EXEL-7647 Inhibits Mutant Forms of ErbB2 Associated with Lapatinib Resistance and Neoplastic Transformation

A, a schematic of the ErbB2 juxtamembrane and kinase domains shows the resistance-associated mutations identified in our studies. Functional domains are indicated. Seventeen different single amino acid substitutions, which map to 16 ErbB2 amino acid residues, are marked at the corresponding sequence positions. L785F was identified in both lapatinib and EXEL-7647 screens. B, amino acids where resistance-associated substitution mutations were identified are shown on an ErbB2 structural model. The model shown is an inactive form of the ErbB2 kinase domain with lapatinib docked in the ATP-binding site. The box shows a magnification of the ATP-binding region. Blue, activation loop; cyan, Cα-helix; green, nucleotide-binding loop; red, NH₂-terminal extension; pink, COOH-terminal extension.
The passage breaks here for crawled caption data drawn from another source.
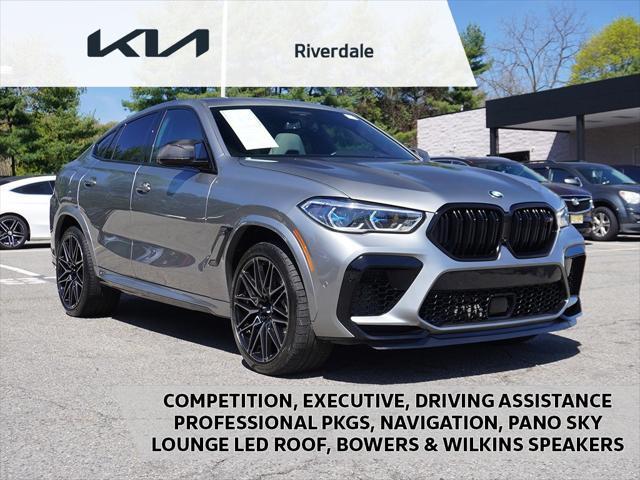 used 2023 BMW X6 M car, priced at $95,690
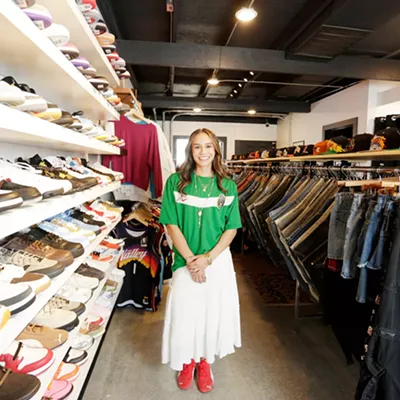 Image: New shop Heat Street brings vintage and streetwear style to Spokane's Garland district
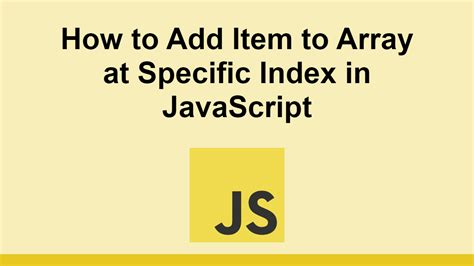 List Item Index Javascript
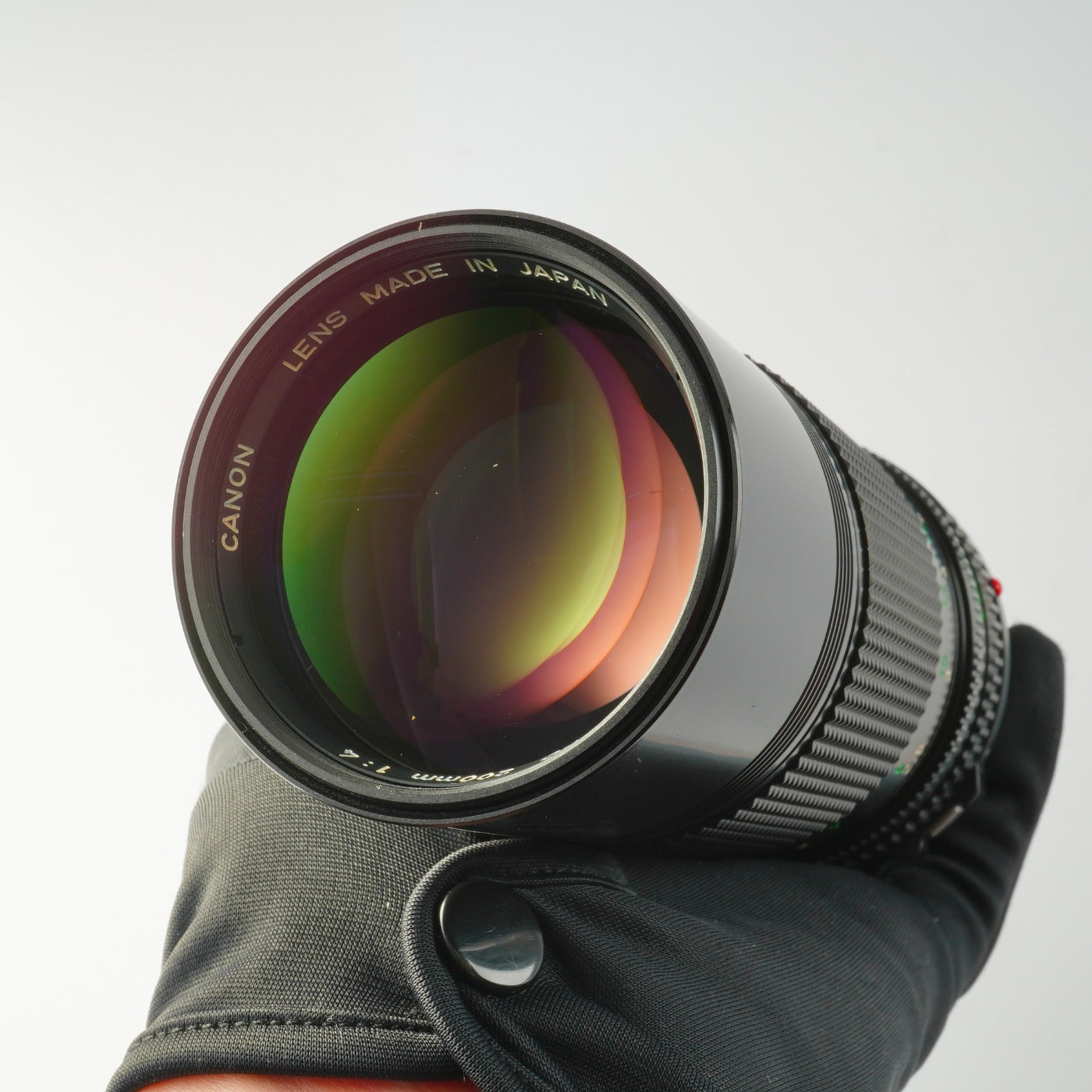 Canon FD 200mm F/4 単焦点レンズ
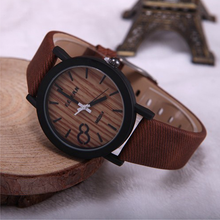 Load image into Gallery viewer, Men's Quartz Wooden Watch
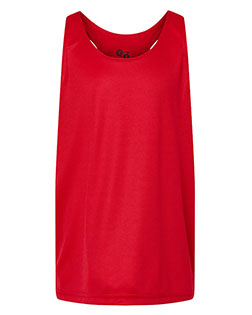 Badger 2166 Girls’ B-Core Racerback Tank Top at GotApparel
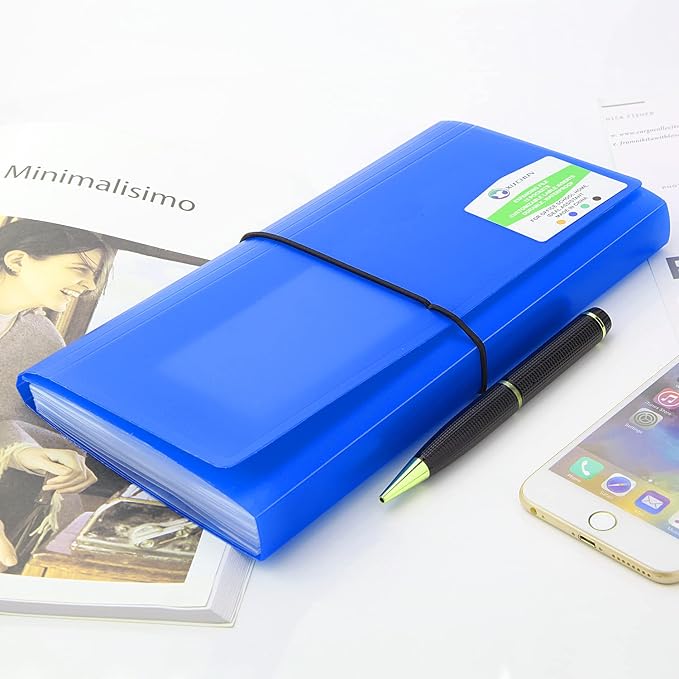 4 Pack 13 Pockets Receipt Organizer, Small Expanding File Foder - Image 6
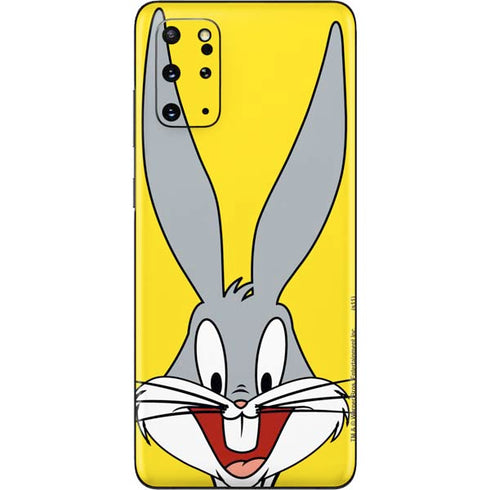 Looney Tunes Bugs Bunny Zoomed In Galaxy S20 Plus Skin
Expression of mutant ErbB2 in Ba/F3 cells and determination of phosphorylation IC₅₀ values. Ba/F3 cells selected for stable expression of resistance-associated mutations were used for ErbB2 and ERK phosphorylation IC₅₀ determination. Cells were transferred to medium without serum or IL-3 2 h before compound addition. Following 1-h compound treatment (30,000, 10,000, 3,300, 1,100, 370, 123, 41, 14, 5, and 0 nmol/L), cells were harvested for Western blot analysis of pErbB2, total ErbB2 (FLAG), pERK, and total ERK. IC₅₀ values were determined from a 10-point lapatinib or EXEL-7647 dose response. Western blot images of pErbB2, ErbB2, and pERK from cells expressing ErbB2 V659E, ErbB2 V659E_T798I, ErbB2 V659E_L785F, or ErbB2 V659E_L755S. IC₅₀ values for pErbB2 were calculated using pErbB2 intensity after normalization to total ErbB2 levels. IC₅₀ values for pERK were calculated using pERK intensity after normalization to total actin levels (data not shown). At least two immunoblot experiments were completed, and representative data are shown. The decreased ErbB2 protein level observed with 30 μmol/L EXEL-7647 treatments was associated with cell death (this effect was diminished in some samples by normalized protein loading).
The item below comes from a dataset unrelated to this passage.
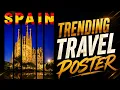 How to Make a Trending Travel Poster in Canva Pro is not required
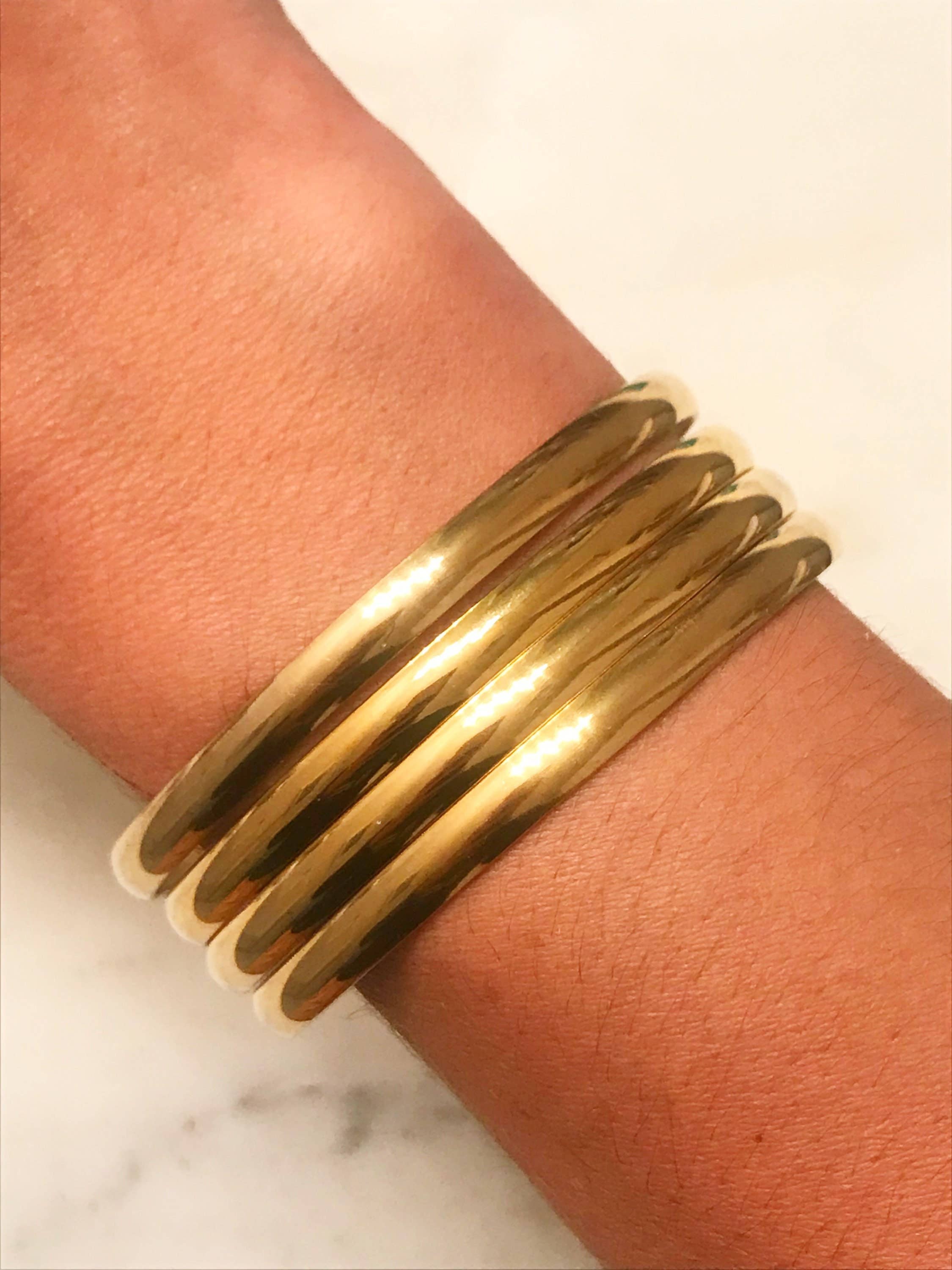 Haus of Monogram, Bangle Stainless Steel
Lapatinib binds an inactive ErbB2 conformation and mutations that introduce steric interference or promote stability of the active kinase conformation can cause resistance. A, lapatinib is shown docked into inactive (left) and active (right) conformations of the ErbB2 structural model. In the active conformation, the Cα-helix (cyan) Glu-Lys salt bridge is formed, and the Cα-helix is positioned closer to the ATP-binding pocket where it clashes with lapatinib. Blue, activation loop. B, resistance-associated mutations predicted to cause lapatinib resistance by steric interference with lapatinib binding are shown. The amino acid mutation replaces a WT side chain in proximity to the ligand binding area with a bulkier side chain that interferes with lapatinib binding in the structural model.